### Source material
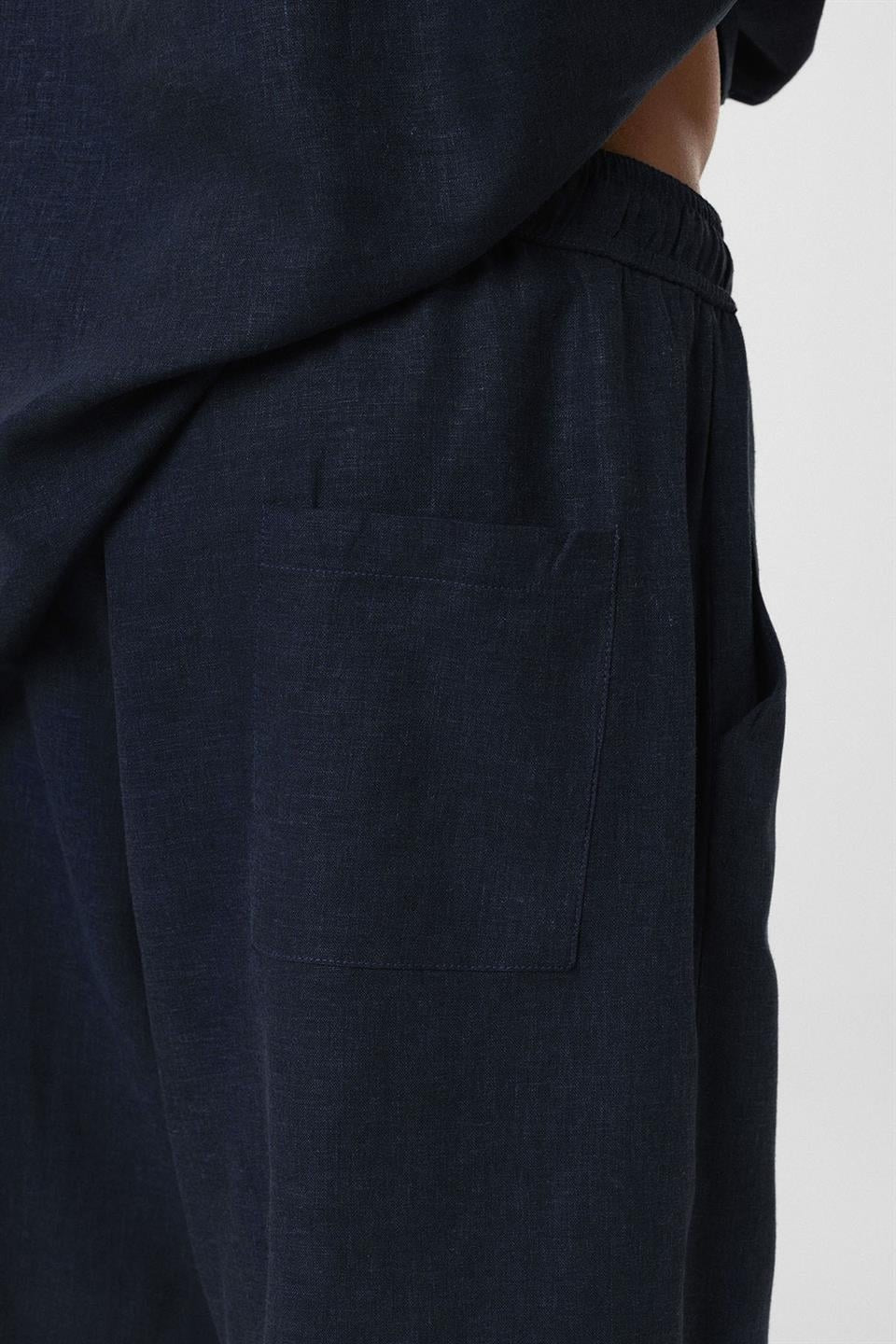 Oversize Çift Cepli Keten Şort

--

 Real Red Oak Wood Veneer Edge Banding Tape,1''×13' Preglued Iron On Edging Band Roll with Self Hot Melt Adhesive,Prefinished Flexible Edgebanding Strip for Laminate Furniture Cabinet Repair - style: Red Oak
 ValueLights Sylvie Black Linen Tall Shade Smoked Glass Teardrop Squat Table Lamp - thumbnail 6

---

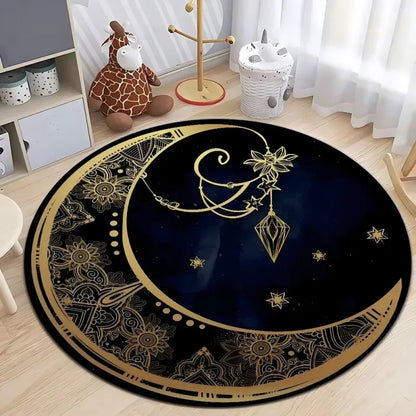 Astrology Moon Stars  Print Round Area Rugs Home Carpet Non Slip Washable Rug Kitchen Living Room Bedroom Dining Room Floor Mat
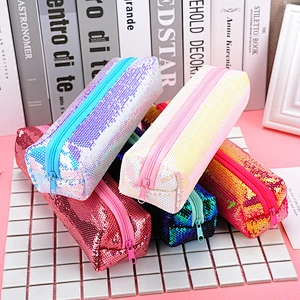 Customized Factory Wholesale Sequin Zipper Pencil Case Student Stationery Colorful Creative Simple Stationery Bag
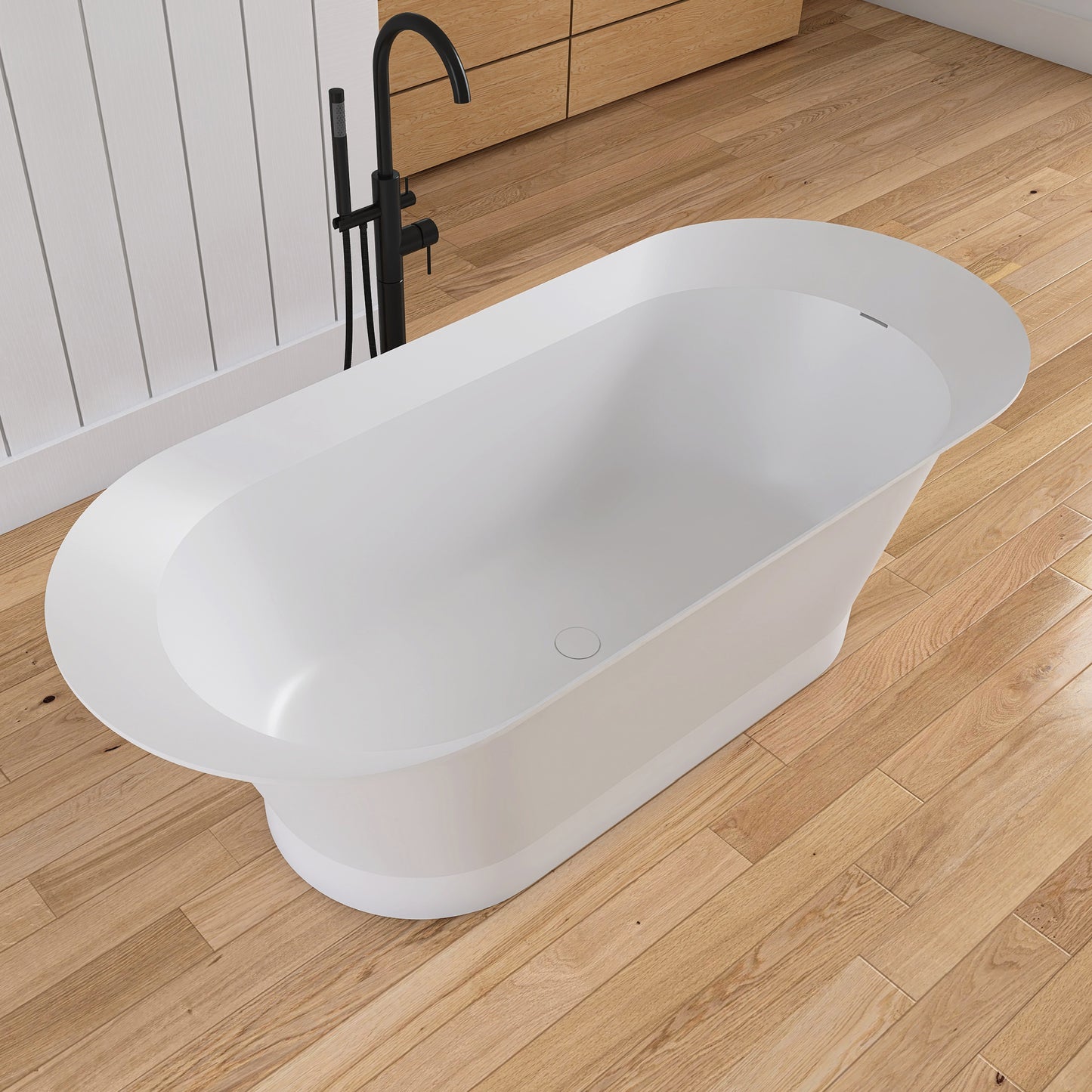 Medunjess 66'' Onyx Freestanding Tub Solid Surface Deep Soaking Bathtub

### Task to complete
Could you reproduce exactly the lines of the entries above, from the one with "Real Red Oak" through the one with "ValueLights Sylvie Black", and nothing else?

### Response to the exercise
 Real Red Oak Wood Veneer Edge Banding Tape,1''×13' Preglued Iron On Edging Band Roll with Self Hot Melt Adhesive,Prefinished Flexible Edgebanding Strip for Laminate Furniture Cabinet Repair - style: Red Oak
 ValueLights Sylvie Black Linen Tall Shade Smoked Glass Teardrop Squat Table Lamp - thumbnail 6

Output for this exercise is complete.